> Recorded data
* * * * * * * * *

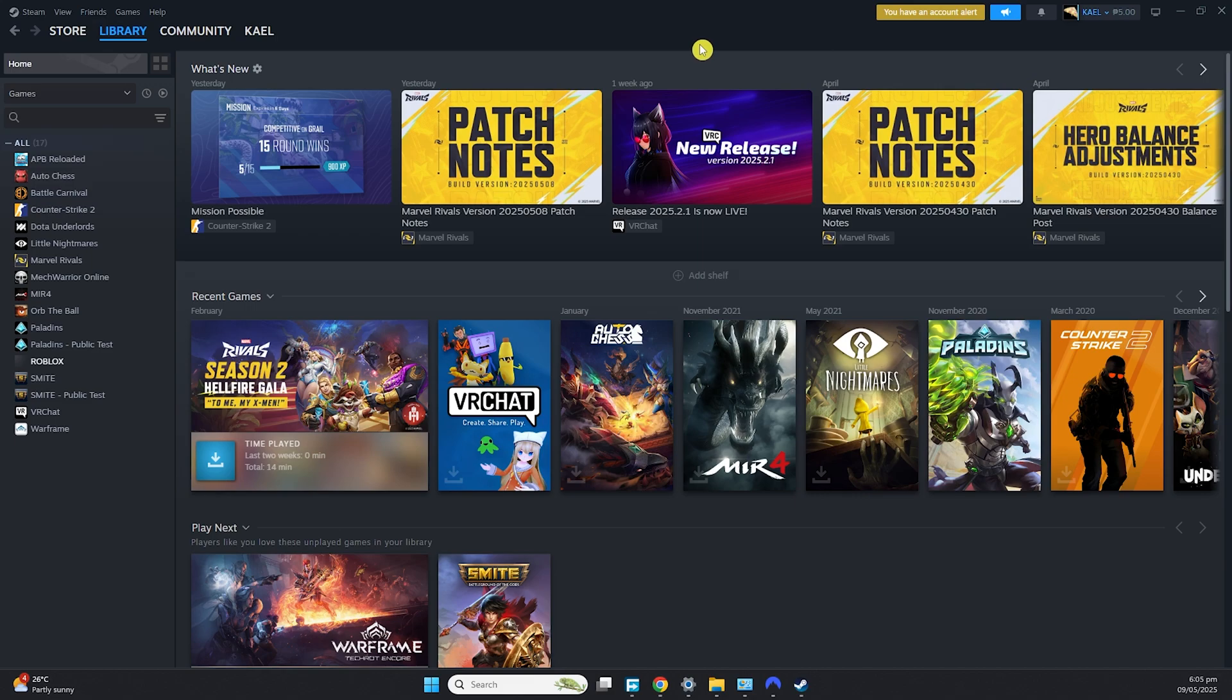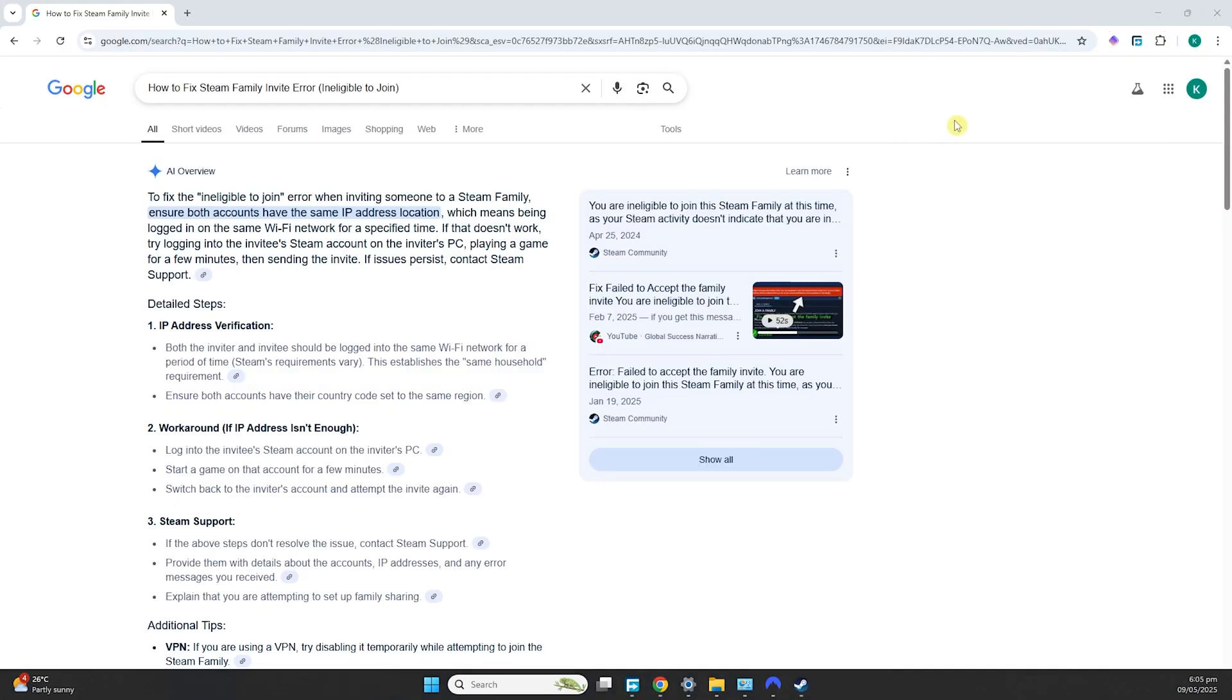The only way to do that is to go to their place and connect to their Wi-Fi. That way, you would have the same IP address and Steam would detect that you are in the same location, hence a family.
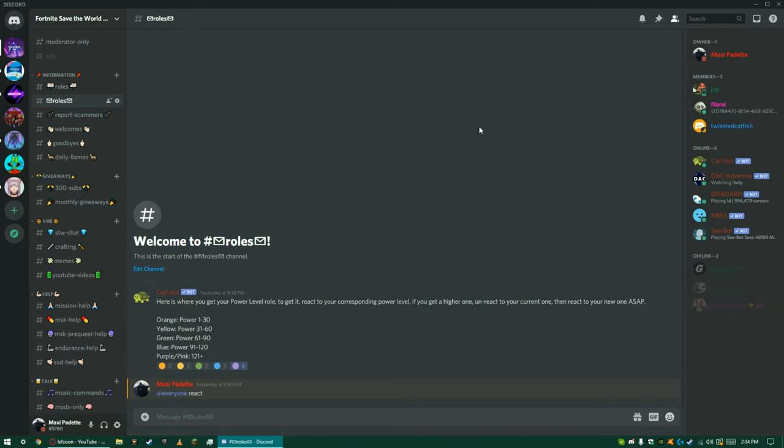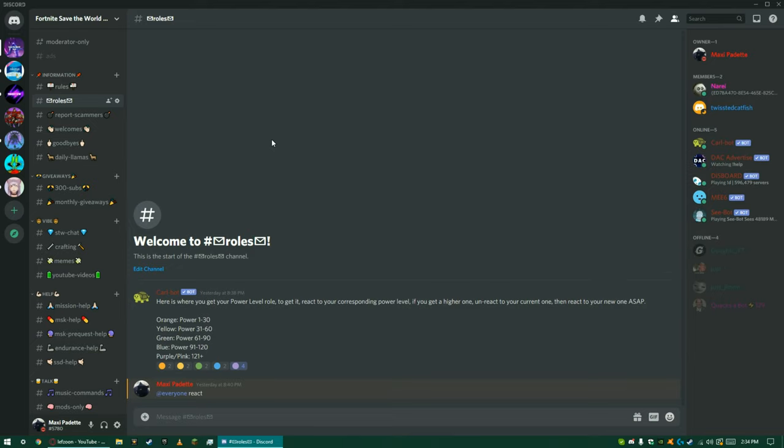And yeah, come join the Discord server. The link to it, the invite link, is gonna be the first link in the description. And as always, I will see you guys soon. Peace.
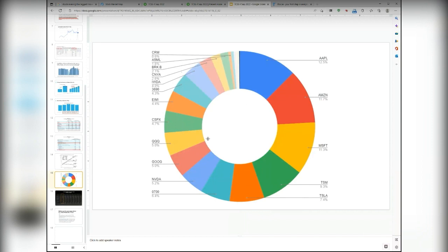If any names see price drops and I think their fundamentals are strong, I'll buy more. This is just for my own tracking. If you have any questions on specific companies, I can share my thoughts — though I haven't done much preparation, so it'll be off the top of my head.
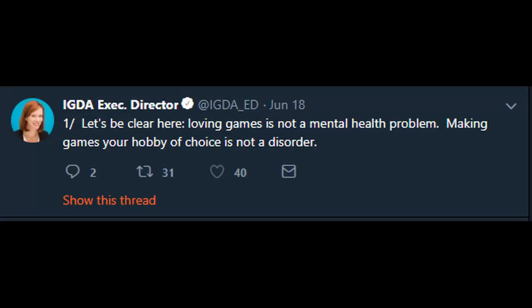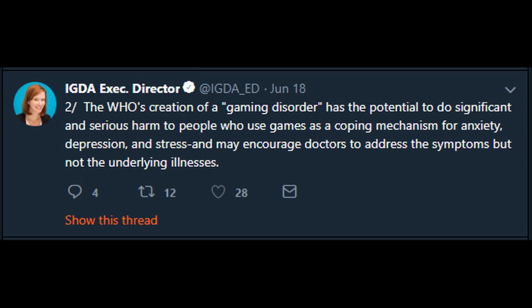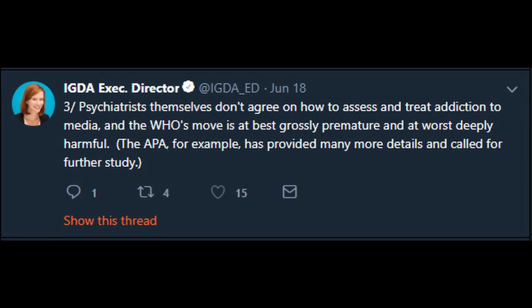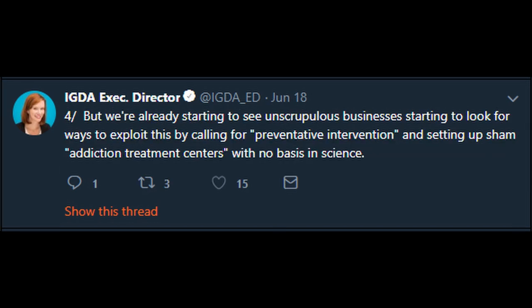The IGDA executive director posted six tweets on this. One: 'Let's be clear — loving games is not a mental health problem. Making games your hobby of choice is not a disorder.' Two: 'The WHO's creation of a gaming disorder has the potential to do significant and serious harm to people who use games as a coping mechanism for anxiety, depression, and stress, and may encourage doctors to address the symptoms but not the underlying illnesses.' Three: 'Psychiatrists themselves don't agree on how to assess and treat addiction to media, and the WHO's move is at best grossly premature and at worst deeply harmful. The APA, for example, has provided many more details and called for further study.' Four: 'We're already starting to see unscrupulous businesses looking to exploit this by calling for preventative intervention and setting up sham addiction treatment centers with no basis in science.'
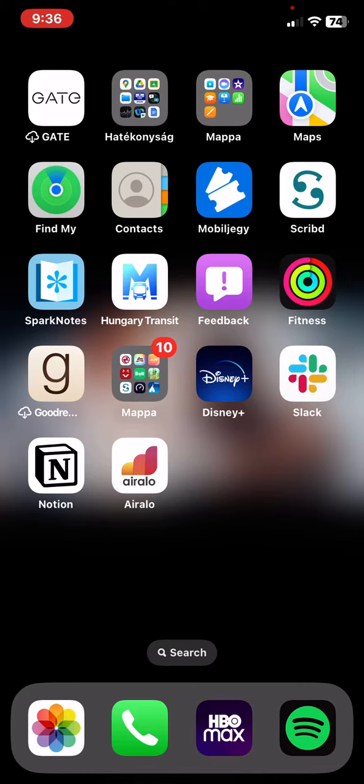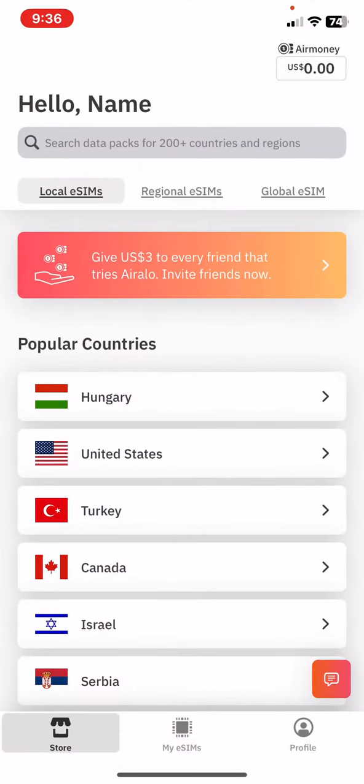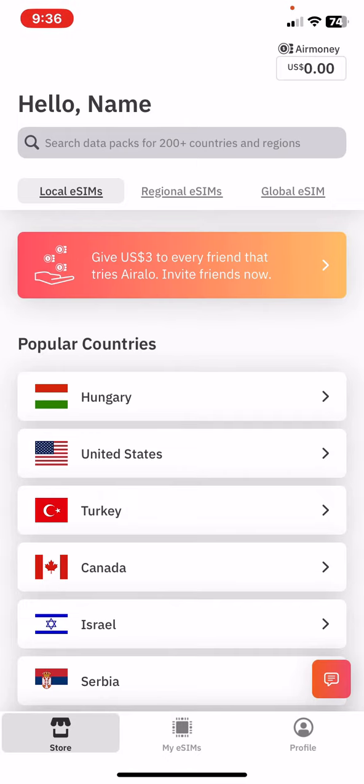Let's jump into it. First of all, open the application on your phone and then click on the profile button at the bottom of the page on the right.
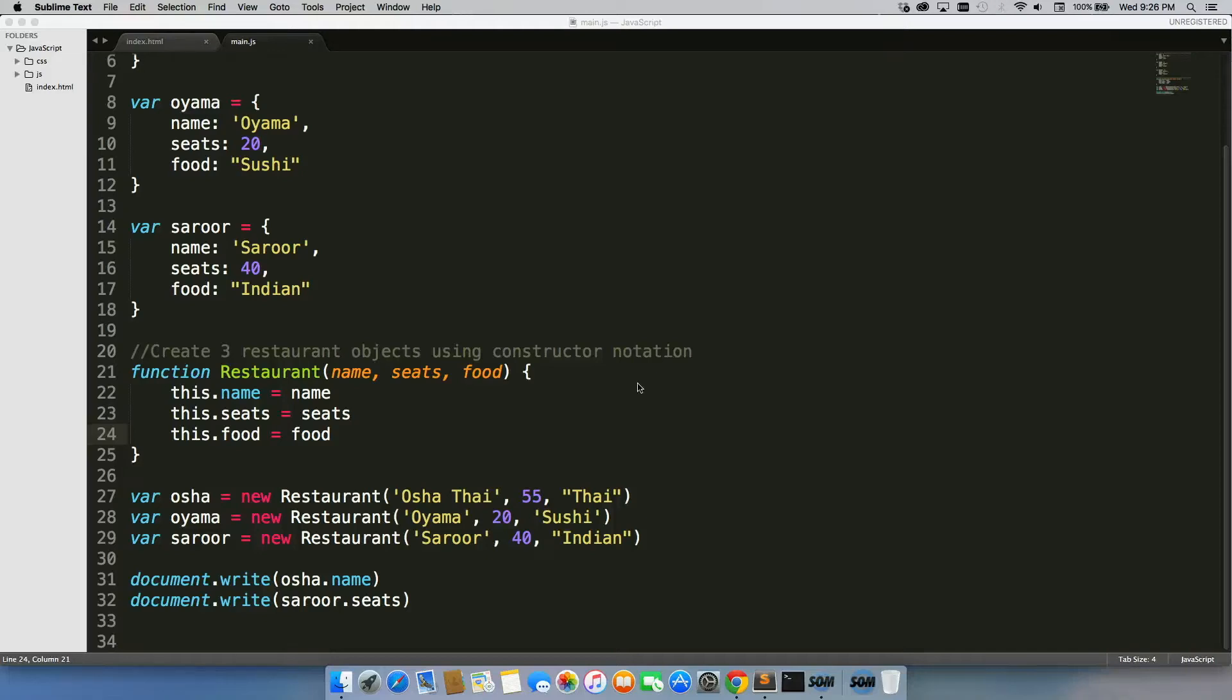Let's walk through adding a new property to each type of object. So we have name, seats, food.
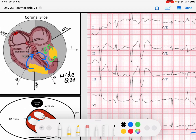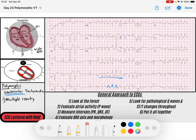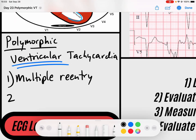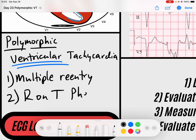The other way that we can get this is something very interesting — a phenomenon that we have here in the EKG. It's another form of polymorphic VTAC called torsades, and torsades can occur with a certain phenomenon called the R on T phenomenon. The R on T phenomenon occurs when you have a QRS complex that occurs on the T wave of the previous beat.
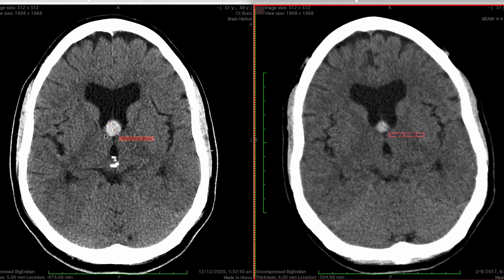So this is a great mini case. There's not a lot of differential diagnosis that has this appearance, so you can be confident when you see this appearance to call it a colloid cyst of the third ventricle.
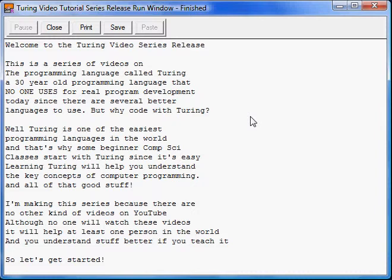So let's get started with this series. The first thing I want to talk about in this video would be the basic history of Turing. Since no one cares about history, you can just stop this video and go to the next one.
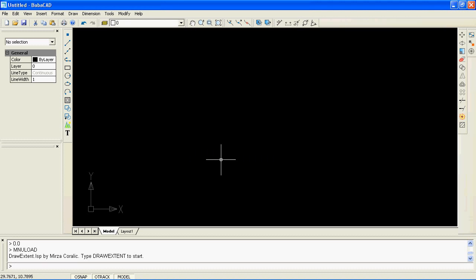Today we will learn how to enter polar coordinates using the command window, and how to prepare a layout for plot and scale.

* * * * * * * * *

> Your instructions
With the pictures omitted, reproduce the data above exactly.

> Exercise answer
The only way to do that is to go to their place and connect to their Wi-Fi. That way, you would have the same IP address and Steam would detect that you are in the same location, hence a family.
And yeah, come join the Discord server. The link to it, the invite link, is gonna be the first link in the description. And as always, I will see you guys soon. Peace.
If any names see price drops and I think their fundamentals are strong, I'll buy more. This is just for my own tracking. If you have any questions on specific companies, I can share my thoughts — though I haven't done much preparation, so it'll be off the top of my head.
The IGDA executive director posted six tweets on this. One: 'Let's be clear — loving games is not a mental health problem. Making games your hobby of choice is not a disorder.' Two: 'The WHO's creation of a gaming disorder has the potential to do significant and serious harm to people who use games as a coping mechanism for anxiety, depression, and stress, and may encourage doctors to address the symptoms but not the underlying illnesses.' Three: 'Psychiatrists themselves don't agree on how to assess and treat addiction to media, and the WHO's move is at best grossly premature and at worst deeply harmful. The APA, for example, has provided many more details and called for further study.' Four: 'We're already starting to see unscrupulous businesses looking to exploit this by calling for preventative intervention and setting up sham addiction treatment centers with no basis in science.'
Let's jump into it. First of all, open the application on your phone and then click on the profile button at the bottom of the page on the right.
Let's walk through adding a new property to each type of object. So we have name, seats, food.
The other way that we can get this is something very interesting — a phenomenon that we have here in the EKG. It's another form of polymorphic VTAC called torsades, and torsades can occur with a certain phenomenon called the R on T phenomenon. The R on T phenomenon occurs when you have a QRS complex that occurs on the T wave of the previous beat.
So this is a great mini case. There's not a lot of differential diagnosis that has this appearance, so you can be confident when you see this appearance to call it a colloid cyst of the third ventricle.
So let's get started with this series. The first thing I want to talk about in this video would be the basic history of Turing. Since no one cares about history, you can just stop this video and go to the next one.
Today we will learn how to enter polar coordinates using the command window, and how to prepare a layout for plot and scale.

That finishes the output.